Despite the fact that tax rates have finally started to come down in most areas of the country, the tax-efficiency of your equity fund can make a big difference, especially when investing outside of RRSPs.

There are effectively two strategies that fund companies use in an effort to keep taxable distributions as low as possible and increase tax-efficiency.

A few fund managers model the Warren Buffet philosophy of trying to buy great companies at a great price and holding a long time. This minimizes both transaction costs, and more importantly, the capital gains taxes that are triggered each time an investment is sold for a profit.

The reality with most mutual funds is that investment gains that cannot be offset by losses are distributed to investors each year.
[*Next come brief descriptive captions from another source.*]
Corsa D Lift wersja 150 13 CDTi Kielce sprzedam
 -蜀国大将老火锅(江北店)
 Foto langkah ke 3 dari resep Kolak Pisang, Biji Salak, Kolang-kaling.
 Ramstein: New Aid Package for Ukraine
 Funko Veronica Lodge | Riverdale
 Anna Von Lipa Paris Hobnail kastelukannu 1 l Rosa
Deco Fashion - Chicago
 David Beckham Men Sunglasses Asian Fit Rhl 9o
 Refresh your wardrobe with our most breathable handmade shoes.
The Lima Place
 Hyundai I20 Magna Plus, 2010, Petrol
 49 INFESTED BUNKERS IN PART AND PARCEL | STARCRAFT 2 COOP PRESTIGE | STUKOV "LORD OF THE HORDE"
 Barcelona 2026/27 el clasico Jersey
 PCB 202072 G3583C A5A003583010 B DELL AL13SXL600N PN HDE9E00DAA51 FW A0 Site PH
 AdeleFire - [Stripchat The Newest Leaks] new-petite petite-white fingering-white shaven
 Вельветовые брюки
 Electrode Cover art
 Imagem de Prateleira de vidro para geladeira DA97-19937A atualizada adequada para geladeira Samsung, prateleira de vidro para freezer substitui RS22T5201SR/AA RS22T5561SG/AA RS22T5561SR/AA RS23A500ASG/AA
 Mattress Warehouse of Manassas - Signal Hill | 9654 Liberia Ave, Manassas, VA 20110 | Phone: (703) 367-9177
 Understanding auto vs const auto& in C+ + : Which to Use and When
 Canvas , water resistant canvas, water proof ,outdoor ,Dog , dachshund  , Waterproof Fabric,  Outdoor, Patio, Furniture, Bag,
These distributions are taxable in the investor's hands, leaving less money to grow tax-deferred in the form of a capital gain.

Deferral of tax, or any expense, is always beneficial if the cost tomorrow is not substantially higher than the cost today.

I read an article once where Warren Buffet, who many regard as one of the best investors of all time, claimed that his approach of holding great companies "forever" increased his annual returns by 2-3% per year. While this relatively small increase might not seem like much, compounded over 30 years, a 3% increase in returns can double a retirement fund.

The newer approach to producing tax-efficient equity funds is the use of a corporate share structure. The majority of fund companies are structured as trusts, which produce a taxable gain or loss when an investor switches from one fund to another.

A few fund companies have set up a group of equity funds using a corporate structure. These equity funds typically invest in different sectors or geographical areas, and are designed to allow investors to switch between funds in the group without triggering capital gains. The additional benefit of these special corporate shares is their mandate to have low or no distributions, although this is not guaranteed.

Although these corporate structures do not allow you to switch between different asset classes tax-free as you can inside an RRSP, they do allow you to defer taxes when you make changes to the equity portion of your portfolio. Capital gains taxes are triggered when you redeem shares from the corporation.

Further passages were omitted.